Les intérêts moratoires dus par l’administration en cas de dégrèvement contentieux prononcé à la suite d’une erreur dans l’assiette ou le calcul de l’impôt ne peuvent pas courir avant l’établissement de l’impôt en cause, indépendamment d’éventuels acomptes versés en application des règles de recouvrement.

En cas de dégrèvement prononcé par un tribunal ou par l’administration à la suite d’une réclamation portant sur une erreur commise dans l’assiette ou dans le calcul des impositions, les sommes déjà perçues sont remboursées au contribuable et donnent lieu au paiement d’intérêts moratoires calculés à compter du jour du paiement des impositions concernées (LPF art. L 208).

En l’espèce, la cour administrative d’appel de Versailles a jugé qu’une société était fondée à solliciter le paiement d’intérêts moratoires complémentaires à raison d’une réduction de cotisation sur la valeur ajoutée (CVAE) obtenue au titre de 2014 et 2015 dans la mesure où, selon elle, les intérêts moratoires auxquels la contribuable avait droit couraient à compter du versement de chaque acompte au paiement duquel elle était tenue, au plus tard le 15 juin et le 15 septembre de l’année d’imposition.

Toutefois, le Conseil d’État considère qu’en statuant ainsi, la cour a commis une erreur de droit. Il précise qu’en cas de dégrèvement de CVAE, les intérêts ne peuvent pas courir à raison d’une période antérieure à la liquidation du solde de la cotisation et donc à compter du versement de chaque acompte. Il s’aligne ainsi sur la doctrine administrative (BOI-CTX-DG-20-50-30 nos 60 à 80) selon laquelle lorsque l'impôt dégrevé a donné lieu au paiement d'acomptes, le point de départ des intérêts moratoires se situe, au plus tôt, à la date de liquidation du solde de l'impôt.

Cette décision infirme la jurisprudence adoptée jusqu’à présent par les juges du fond qui procédaient à une application stricte de la lettre de l'article L 208 du LPF selon lequel les intérêts courent du jour du paiement, le versement d’un acompte provisionnel constituant un paiement (TA Melun 3-10-1999 n° 1703756 ; TA Montreuil 30-6-2020 n° 1903767, 1907448).

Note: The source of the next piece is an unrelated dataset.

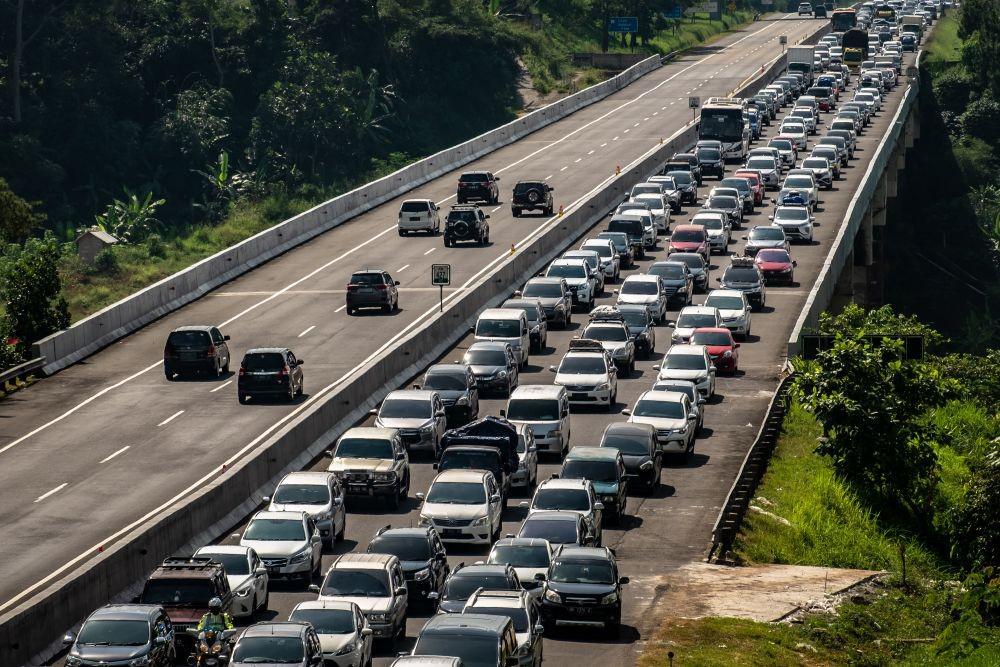 Ratusan Ribu Mobil Tinggalkan Jabotabek saat Imlek, Ini 3 Tujuannya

Attention. Si, en l’espèce, la solution concerne la CVAE qui sera supprimée à compter de 2024, elle conserve néanmoins un intérêt dans la mesure où elle est susceptible de concerner tous les autres impôts donnant lieu au versement d’acomptes, tels l’impôt sur les sociétés, la cotisation foncière des entreprises ou, encore, l’impôt sur le revenu.